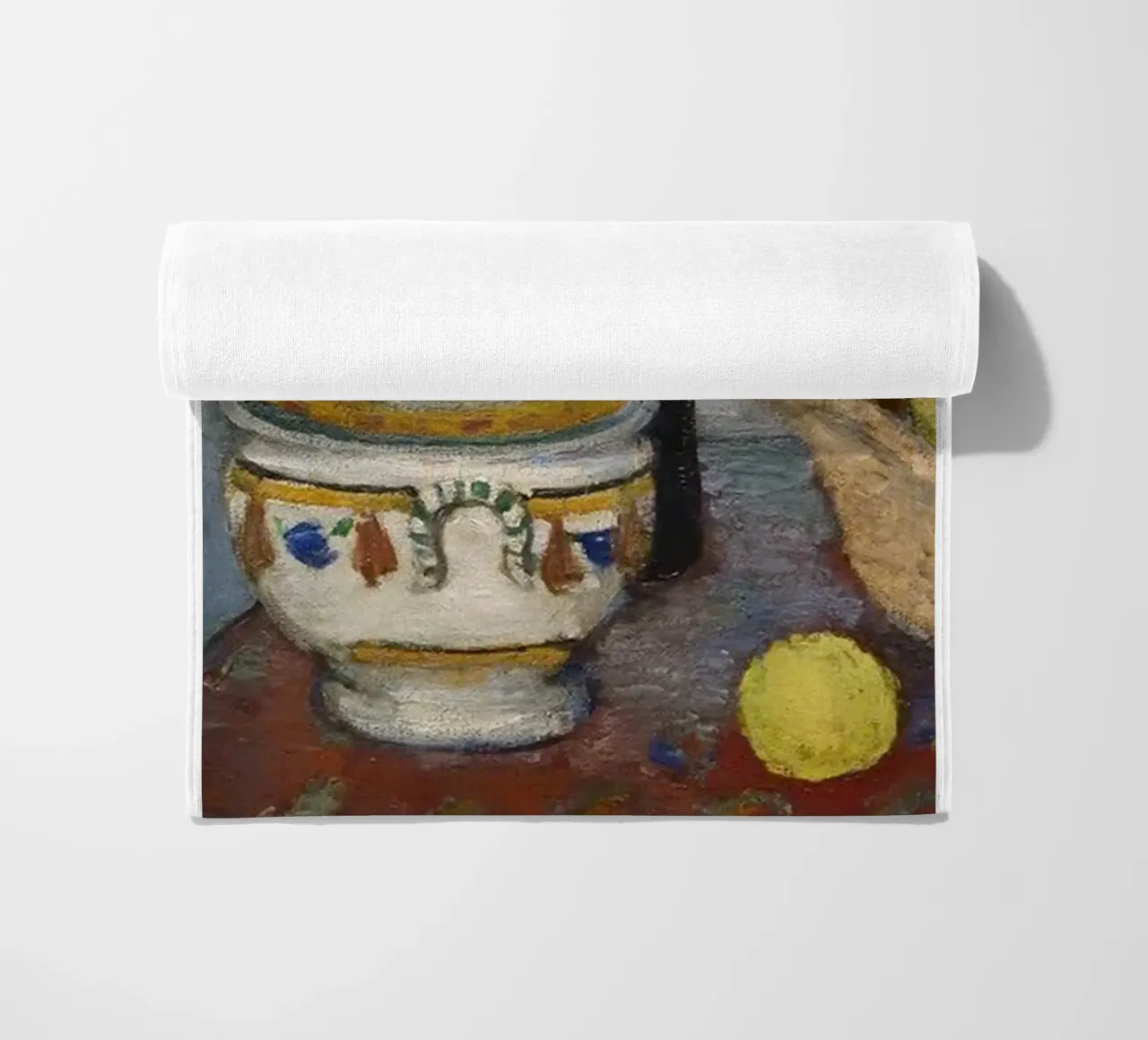 vasi e bottiglie decorative in casa telo mare da rewin shop
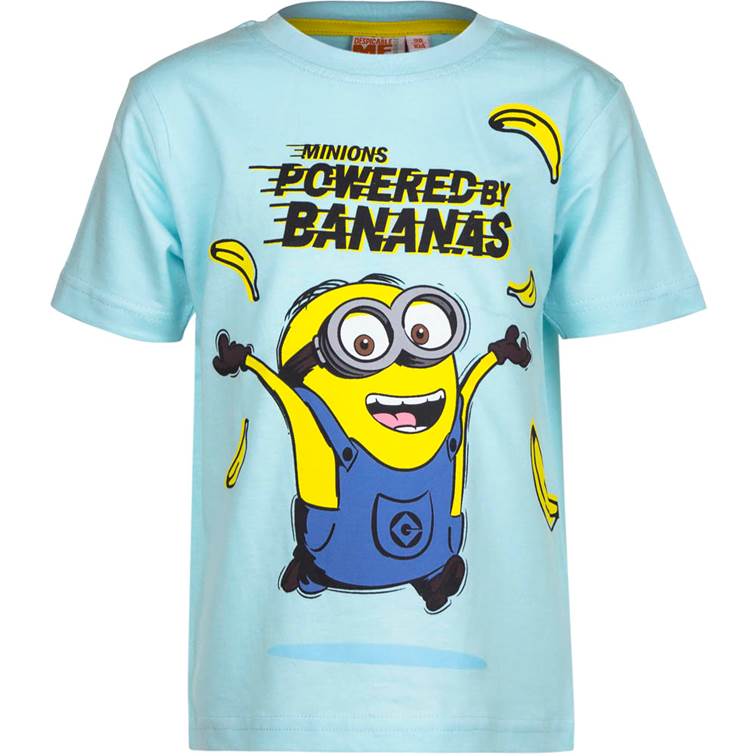 Minions polo 48138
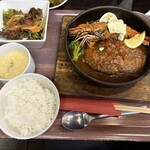 カジュアルダイニング Bon - 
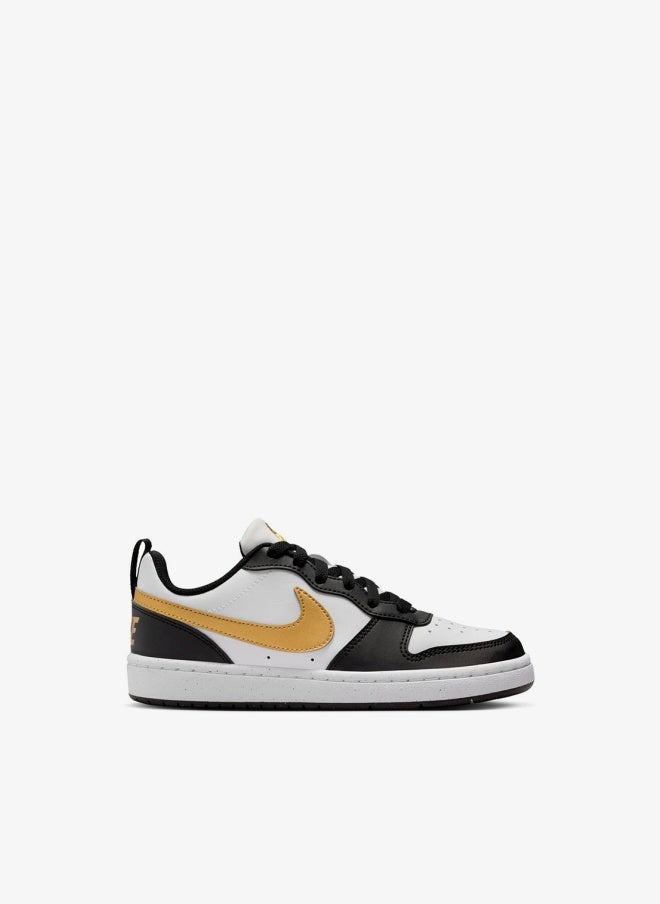 Nike Court Borough Low Recraft - Image 1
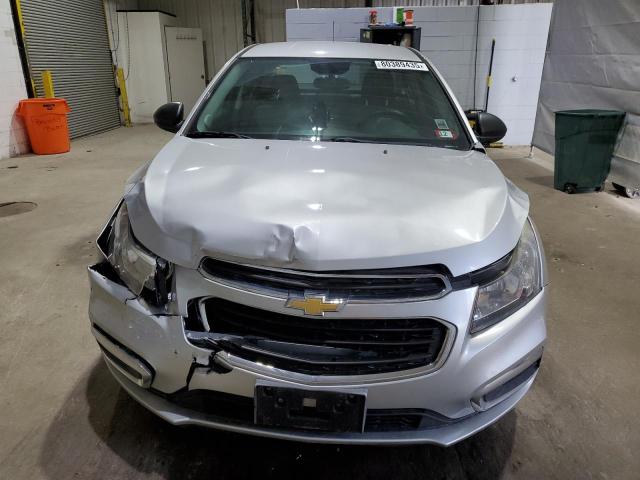 2015 CHEVROLET CRUZE LS 1G1PA5SH0F7144832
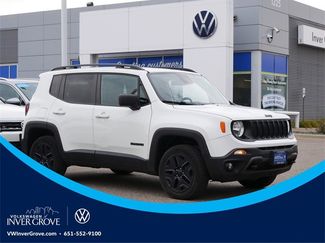 Used 2020 Jeep Renegade Sport image 1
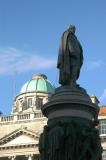 Daniel OConnell, the Emancipator of Irelands Catholics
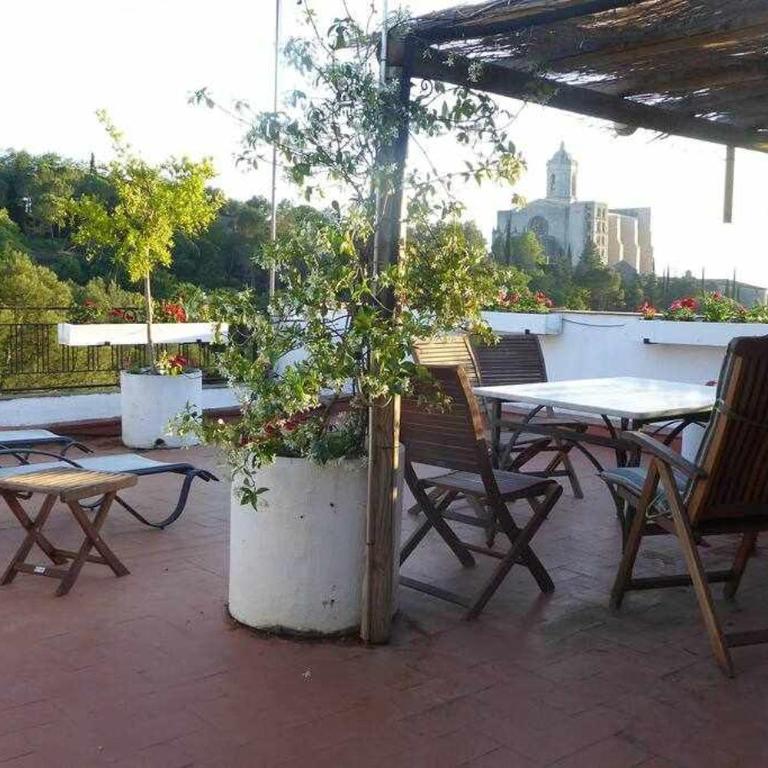 Apartamento con increíbles vistas y terraza - Apartamento de 3 dormitorios - 43
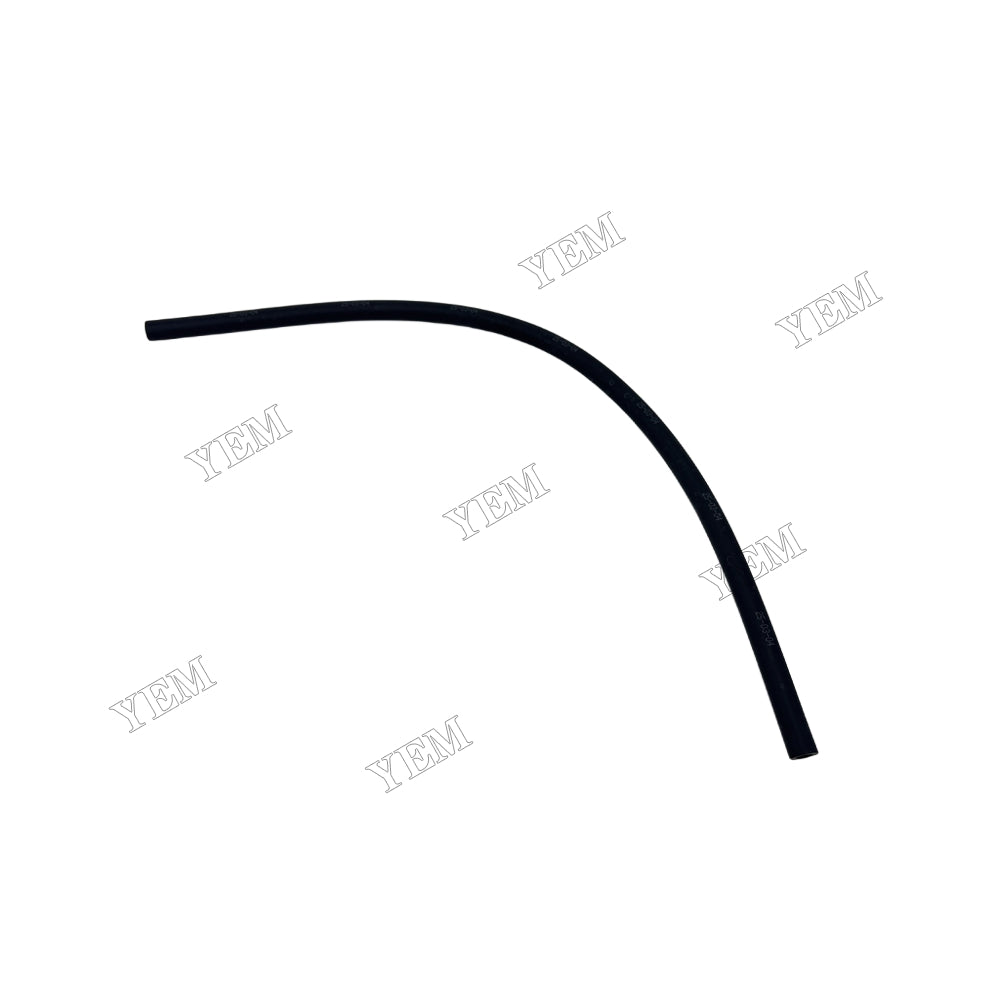 YEM Parts 09661-70525 FUEL PIPE for Kubota V3800 Diesel Engine Parts For Kubota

_ _ _

» PROMPT
All that is needed is an exact copy of the lines from the line with "2015 CHEVROLET CRUZE LS 1G1PA5SH0F7144832" through the end of the listing, both ends included, with no pictures.

» REPLY TO THE EXERCISE
 2015 CHEVROLET CRUZE LS 1G1PA5SH0F7144832
 Used 2020 Jeep Renegade Sport image 1
 Daniel OConnell, the Emancipator of Irelands Catholics
 Apartamento con increíbles vistas y terraza - Apartamento de 3 dormitorios - 43
 YEM Parts 09661-70525 FUEL PIPE for Kubota V3800 Diesel Engine Parts For Kubota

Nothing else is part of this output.